What we can say about his policy stance is that his platform mixes leftist welfare policies with tough measures on immigration and conservative social views. Above all, though, particular homage is paid to the unspecified notion of ‘good governance’ as a way to rebuild lost trust. This trust is kept hostage by incumbent actors who have ‘become detached from their core task’, paving the road for their own inevitable failure. Isolating systemic inefficiencies in this way, Omtzigt’s authority is bolstered under the mantle that ‘we were not in power so we’re not responsible.’ The UK’s Labour Party, out of power for thirteen tumultuous years, has also started to adopt this mantra in its novelty-fueled approach to campaigning. It will undoubtedly saturate much of their message throughout next year’s anticipated general election. But what’s to say that this aim to evoke ‘the people’ en masse doesn’t betray Omtzigt as more of a ‘catch-all’ politician? For one, the Dutch system has little time for the catch-all impulse, given the nuance and variety it permits in its government’s coalitions. A premiership by one party alone is near impossible. Second, while many populist movements align themselves to traditional conceptions of either the ‘left’ or ‘right’, the ‘left’/’right’ cleavage itself is often exploited by populists for the part that it has played in generating societal dissatisfaction with ‘status quo’ politics. In their broadly-appealing, vastly-signifying, largely single-issue campaigns, populists have developed an impression of transcending left and right while effectively positioning themselves as radical ‘anti-establishment’ alternatives to current apathy. Populism, then - arguably in astute awareness of its defiant lack of content - has the power to carve a place for itself roughly at (what now seems to be) the centre.

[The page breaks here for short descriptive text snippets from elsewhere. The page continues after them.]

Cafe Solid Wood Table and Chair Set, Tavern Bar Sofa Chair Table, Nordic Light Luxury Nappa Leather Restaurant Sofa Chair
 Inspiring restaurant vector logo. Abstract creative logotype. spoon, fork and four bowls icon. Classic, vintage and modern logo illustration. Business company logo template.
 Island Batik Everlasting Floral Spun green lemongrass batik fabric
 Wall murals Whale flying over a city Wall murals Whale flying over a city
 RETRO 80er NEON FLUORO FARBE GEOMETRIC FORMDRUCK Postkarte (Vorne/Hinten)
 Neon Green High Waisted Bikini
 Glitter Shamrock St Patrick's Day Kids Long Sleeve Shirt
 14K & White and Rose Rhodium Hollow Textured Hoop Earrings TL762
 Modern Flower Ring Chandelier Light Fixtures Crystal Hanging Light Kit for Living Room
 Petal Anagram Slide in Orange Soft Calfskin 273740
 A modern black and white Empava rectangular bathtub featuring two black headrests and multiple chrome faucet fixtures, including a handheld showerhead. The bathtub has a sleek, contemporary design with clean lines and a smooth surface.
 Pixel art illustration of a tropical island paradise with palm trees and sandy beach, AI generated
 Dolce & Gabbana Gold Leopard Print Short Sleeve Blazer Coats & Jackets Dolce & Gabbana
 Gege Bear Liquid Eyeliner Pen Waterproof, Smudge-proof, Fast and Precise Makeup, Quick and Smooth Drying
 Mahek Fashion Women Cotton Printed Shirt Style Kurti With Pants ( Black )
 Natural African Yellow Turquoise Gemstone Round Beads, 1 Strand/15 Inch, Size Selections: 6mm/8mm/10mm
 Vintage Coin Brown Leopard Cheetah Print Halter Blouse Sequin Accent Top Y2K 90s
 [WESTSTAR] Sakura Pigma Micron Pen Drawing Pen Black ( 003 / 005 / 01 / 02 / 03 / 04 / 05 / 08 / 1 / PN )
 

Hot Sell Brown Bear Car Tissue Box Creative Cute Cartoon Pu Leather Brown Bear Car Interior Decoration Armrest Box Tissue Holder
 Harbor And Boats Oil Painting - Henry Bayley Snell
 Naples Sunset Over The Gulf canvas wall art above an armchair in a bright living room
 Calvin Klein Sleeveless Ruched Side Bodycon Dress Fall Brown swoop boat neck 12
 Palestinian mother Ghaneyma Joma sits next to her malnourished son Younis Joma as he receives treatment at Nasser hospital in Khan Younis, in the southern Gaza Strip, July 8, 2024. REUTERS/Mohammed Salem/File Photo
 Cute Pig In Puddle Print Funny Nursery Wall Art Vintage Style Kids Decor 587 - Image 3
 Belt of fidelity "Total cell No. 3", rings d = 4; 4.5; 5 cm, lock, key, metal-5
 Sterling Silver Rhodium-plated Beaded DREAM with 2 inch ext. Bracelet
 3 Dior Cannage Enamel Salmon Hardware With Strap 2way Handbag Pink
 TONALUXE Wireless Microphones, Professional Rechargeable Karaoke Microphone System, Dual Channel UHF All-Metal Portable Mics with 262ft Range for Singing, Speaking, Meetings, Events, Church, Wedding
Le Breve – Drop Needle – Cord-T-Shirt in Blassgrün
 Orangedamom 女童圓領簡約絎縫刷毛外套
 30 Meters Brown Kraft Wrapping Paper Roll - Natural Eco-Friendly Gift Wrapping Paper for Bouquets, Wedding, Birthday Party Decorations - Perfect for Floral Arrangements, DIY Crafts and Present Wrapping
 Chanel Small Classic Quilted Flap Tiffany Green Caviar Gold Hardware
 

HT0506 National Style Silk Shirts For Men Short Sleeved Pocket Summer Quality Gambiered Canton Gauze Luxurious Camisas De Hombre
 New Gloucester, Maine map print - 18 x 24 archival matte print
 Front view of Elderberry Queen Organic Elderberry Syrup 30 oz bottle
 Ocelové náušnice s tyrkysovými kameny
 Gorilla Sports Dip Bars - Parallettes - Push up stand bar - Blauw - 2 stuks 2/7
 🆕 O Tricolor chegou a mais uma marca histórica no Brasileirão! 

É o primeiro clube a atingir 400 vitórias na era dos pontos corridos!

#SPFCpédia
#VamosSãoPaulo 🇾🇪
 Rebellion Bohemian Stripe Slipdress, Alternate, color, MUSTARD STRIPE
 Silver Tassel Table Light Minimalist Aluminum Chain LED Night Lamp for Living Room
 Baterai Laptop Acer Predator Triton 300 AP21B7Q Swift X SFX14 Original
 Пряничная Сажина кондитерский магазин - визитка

What is now taking root in the Netherlands may be a concrete expression of attitudes seen raising their heads tentatively across our current Europe. While the first embodiment may be Omtzigt, we should remain watchful to identify potential successors. Ever reactionary, this populism speaks to an emerging ‘new normal’. An estimated one-third (32%) of Europeans now regularly cast an anti-establishment vote, compared to just 12% at the turn of the century. This influx sees populist candidates - today, overwhelmingly bearing far-right sympathies - ever more entrenched into Europe’s political mainstream. The case of Pieter Omtzigt’s rise issues much food for thought on the current state of the brick throwing’ compulsion. Are nascent groups of voters searching to square greater nuance with their anti-establishment loyalties? Indeed, as populism has set in, the unfortunate ‘classic’ mainstays of nativism, xenophobia and Euroscepticism need not be expected; to go so far beyond their core following, populists have had to diversify. If populism is so entrenched, has it had to become more complex, now having to react to itself, a new strain emerging to soothe the irritation of the first iteration, while, at the same time, reacting to the traditional, institutional ‘establishment’? Is it merely a matter of electoral strategy, a working ode to the adage ‘if you can’t beat them, join them’? Only time will tell.